▶ DATA FOR PROCESSING
·····

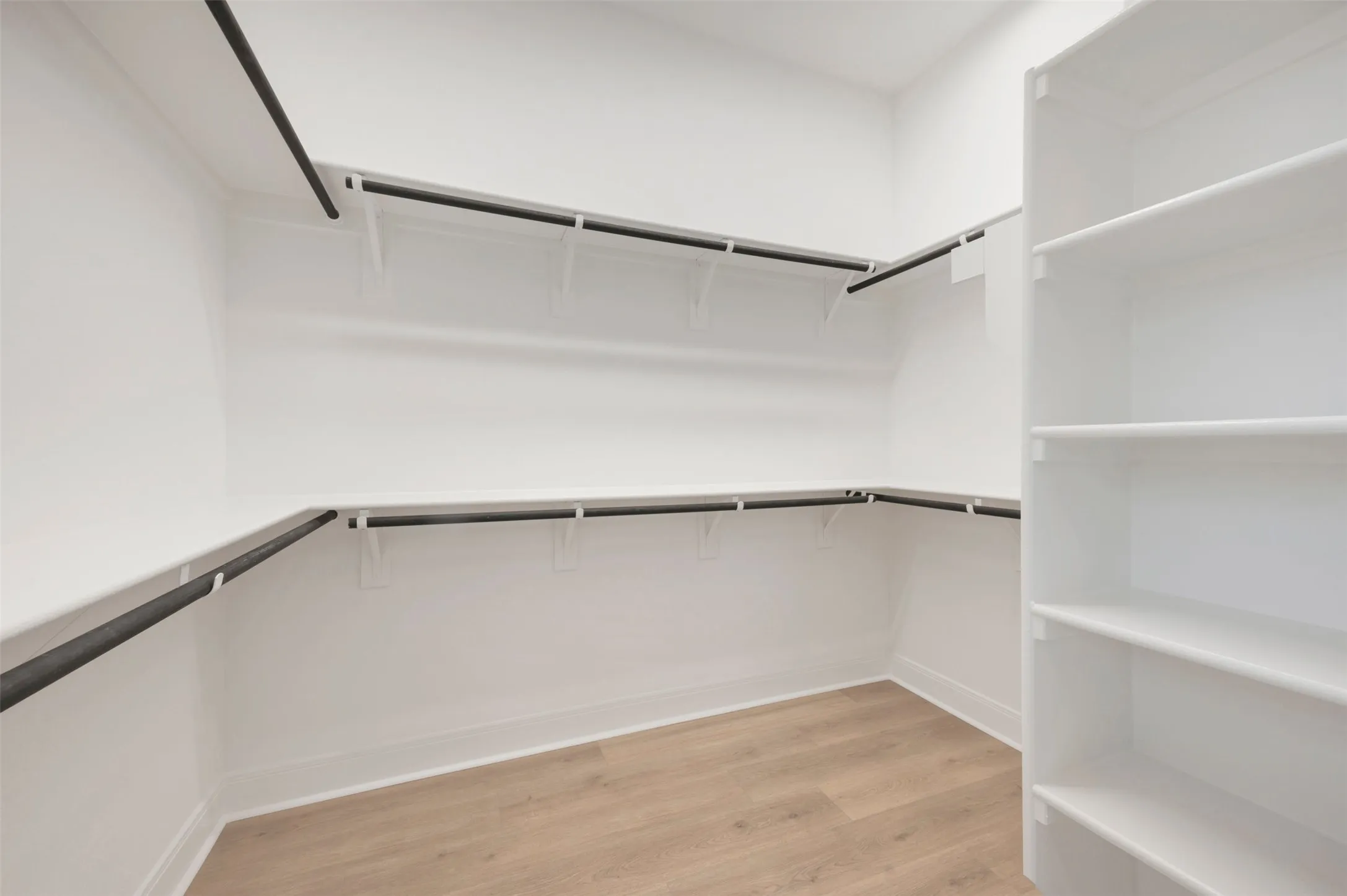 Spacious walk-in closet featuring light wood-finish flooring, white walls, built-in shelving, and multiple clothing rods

·····

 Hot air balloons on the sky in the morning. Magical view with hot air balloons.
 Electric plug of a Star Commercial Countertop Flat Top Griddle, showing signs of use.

·····

Within the listing above, give again exactly every line from the line with "Hot air balloons on" through the line with "Electric plug of", both included, and no other line.

▶ RESPONSE TO THE TASK
 Hot air balloons on the sky in the morning. Magical view with hot air balloons.
 Electric plug of a Star Commercial Countertop Flat Top Griddle, showing signs of use.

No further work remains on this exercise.